I loooove their body butter! I most recently had the one with AHAs, which helps even out the tiny bumps I've had on my arms. My real love is the original scent body butter though, along with the matching shower gel and spray lotion. There's also a glow lotion I loved to use on my legs and arms when going out. Their lip plumper Sexy Motherpucker was great but they just recently reformulated and I haven't had the chance to try the new version.


----------



## LavenderPearl (Apr 2, 2017)

Does anyone else get super into looking at a brand?

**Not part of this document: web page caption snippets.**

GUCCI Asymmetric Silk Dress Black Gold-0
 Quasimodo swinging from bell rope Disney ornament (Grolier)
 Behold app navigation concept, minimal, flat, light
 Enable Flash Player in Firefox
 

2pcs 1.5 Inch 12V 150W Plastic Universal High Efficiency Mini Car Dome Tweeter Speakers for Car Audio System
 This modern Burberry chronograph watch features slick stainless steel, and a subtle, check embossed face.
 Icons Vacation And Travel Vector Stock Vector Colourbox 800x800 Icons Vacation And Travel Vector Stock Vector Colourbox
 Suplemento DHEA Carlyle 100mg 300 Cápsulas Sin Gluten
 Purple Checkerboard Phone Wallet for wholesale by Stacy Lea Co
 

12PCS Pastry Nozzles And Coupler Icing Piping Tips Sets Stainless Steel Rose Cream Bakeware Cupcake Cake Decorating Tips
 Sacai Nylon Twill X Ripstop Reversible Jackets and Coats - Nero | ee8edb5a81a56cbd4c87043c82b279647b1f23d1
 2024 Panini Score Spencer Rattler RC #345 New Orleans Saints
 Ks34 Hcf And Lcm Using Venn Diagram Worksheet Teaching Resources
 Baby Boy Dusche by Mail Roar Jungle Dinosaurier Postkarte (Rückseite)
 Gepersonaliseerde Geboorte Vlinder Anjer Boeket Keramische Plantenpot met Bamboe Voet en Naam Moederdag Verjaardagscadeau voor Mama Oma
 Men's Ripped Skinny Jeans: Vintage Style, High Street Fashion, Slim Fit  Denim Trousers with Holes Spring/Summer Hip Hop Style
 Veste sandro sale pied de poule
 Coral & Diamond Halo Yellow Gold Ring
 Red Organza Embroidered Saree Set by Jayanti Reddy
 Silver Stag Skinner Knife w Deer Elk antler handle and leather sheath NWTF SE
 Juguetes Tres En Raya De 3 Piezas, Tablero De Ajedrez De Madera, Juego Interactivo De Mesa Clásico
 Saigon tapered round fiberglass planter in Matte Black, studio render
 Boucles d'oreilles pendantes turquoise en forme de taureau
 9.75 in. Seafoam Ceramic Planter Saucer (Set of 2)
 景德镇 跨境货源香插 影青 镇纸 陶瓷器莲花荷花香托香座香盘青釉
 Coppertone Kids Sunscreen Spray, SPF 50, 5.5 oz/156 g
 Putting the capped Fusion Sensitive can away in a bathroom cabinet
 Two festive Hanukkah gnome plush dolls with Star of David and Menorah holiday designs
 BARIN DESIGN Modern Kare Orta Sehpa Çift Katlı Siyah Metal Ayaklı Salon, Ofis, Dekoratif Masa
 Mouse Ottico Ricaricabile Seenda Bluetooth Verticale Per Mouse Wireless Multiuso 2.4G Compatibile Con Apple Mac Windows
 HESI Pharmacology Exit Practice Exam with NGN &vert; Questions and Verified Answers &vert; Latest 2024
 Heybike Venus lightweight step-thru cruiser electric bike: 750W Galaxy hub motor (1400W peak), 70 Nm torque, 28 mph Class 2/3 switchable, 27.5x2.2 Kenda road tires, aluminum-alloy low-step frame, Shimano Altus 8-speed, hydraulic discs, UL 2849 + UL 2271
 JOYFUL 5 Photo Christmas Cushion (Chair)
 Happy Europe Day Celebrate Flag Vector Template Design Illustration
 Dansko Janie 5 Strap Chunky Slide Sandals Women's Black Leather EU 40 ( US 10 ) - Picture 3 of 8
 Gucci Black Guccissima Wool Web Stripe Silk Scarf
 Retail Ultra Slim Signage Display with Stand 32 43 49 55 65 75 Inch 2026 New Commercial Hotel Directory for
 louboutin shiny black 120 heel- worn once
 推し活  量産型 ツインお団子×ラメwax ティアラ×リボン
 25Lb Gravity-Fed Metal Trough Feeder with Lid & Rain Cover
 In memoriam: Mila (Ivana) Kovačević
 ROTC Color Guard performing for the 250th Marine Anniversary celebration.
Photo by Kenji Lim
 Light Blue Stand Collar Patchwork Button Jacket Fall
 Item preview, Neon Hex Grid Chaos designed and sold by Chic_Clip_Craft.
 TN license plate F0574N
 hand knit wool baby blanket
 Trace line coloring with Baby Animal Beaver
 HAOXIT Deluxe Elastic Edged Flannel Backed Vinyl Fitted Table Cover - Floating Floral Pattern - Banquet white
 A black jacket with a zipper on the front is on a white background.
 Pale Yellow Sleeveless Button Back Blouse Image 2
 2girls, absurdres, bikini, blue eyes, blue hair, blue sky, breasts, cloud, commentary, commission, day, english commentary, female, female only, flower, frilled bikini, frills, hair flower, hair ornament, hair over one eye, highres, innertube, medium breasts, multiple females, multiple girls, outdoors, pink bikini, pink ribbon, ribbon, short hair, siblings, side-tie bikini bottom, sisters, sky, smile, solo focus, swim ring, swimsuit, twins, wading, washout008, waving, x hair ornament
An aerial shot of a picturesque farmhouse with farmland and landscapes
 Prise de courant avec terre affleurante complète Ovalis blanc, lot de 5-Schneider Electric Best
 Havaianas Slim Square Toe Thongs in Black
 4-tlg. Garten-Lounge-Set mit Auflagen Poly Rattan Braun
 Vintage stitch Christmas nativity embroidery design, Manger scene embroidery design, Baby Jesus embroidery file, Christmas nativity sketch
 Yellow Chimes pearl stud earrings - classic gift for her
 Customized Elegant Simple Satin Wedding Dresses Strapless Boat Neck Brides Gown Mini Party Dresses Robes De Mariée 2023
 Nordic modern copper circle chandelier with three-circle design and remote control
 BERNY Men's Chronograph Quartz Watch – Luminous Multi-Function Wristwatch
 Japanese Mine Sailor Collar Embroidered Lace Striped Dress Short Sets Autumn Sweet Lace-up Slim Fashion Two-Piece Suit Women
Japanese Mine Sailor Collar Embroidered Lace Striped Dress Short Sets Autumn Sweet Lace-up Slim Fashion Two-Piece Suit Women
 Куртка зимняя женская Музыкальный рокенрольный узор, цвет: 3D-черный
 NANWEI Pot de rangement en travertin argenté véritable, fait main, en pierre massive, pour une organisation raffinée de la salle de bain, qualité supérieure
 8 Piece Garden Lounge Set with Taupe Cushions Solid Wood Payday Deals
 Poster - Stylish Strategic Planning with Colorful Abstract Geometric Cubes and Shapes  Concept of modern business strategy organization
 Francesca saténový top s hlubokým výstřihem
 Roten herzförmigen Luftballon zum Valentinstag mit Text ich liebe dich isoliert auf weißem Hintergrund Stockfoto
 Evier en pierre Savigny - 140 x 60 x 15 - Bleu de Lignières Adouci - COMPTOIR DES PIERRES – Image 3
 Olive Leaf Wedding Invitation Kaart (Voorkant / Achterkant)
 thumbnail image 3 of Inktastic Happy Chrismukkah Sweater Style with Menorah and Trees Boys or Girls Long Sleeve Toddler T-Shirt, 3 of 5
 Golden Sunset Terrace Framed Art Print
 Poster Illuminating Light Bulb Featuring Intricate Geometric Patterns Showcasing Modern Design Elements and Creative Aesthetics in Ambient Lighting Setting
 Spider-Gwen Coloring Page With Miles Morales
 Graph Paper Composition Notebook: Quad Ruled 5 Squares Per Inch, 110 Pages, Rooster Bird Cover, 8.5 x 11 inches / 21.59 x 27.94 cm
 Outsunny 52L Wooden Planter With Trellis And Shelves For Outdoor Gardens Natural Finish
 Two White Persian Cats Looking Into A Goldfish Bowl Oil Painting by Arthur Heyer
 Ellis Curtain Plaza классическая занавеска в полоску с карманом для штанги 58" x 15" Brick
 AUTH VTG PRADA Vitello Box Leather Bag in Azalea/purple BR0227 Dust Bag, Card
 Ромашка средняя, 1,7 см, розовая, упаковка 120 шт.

I don't think I will ever get really into the body care sideof S&G, because I am very scent sensitive and the few sniffs have given me a headache :/

However, every time I'm at ULTA the Sexy Mother Pucker lipsticks catch my eye, particularly the shade Tom & Cherry. Then this week S&G is BOGO40OFF, so I looked into the rest of the line to pick another one...

Now I have a list of S&G lip products to try lol.

Anyone have any personal experience with the Sexy Mother Pucker:
- Lipsticks
- Gloss Sticks
- Matte Sticks
- Lip Lacquers?


----------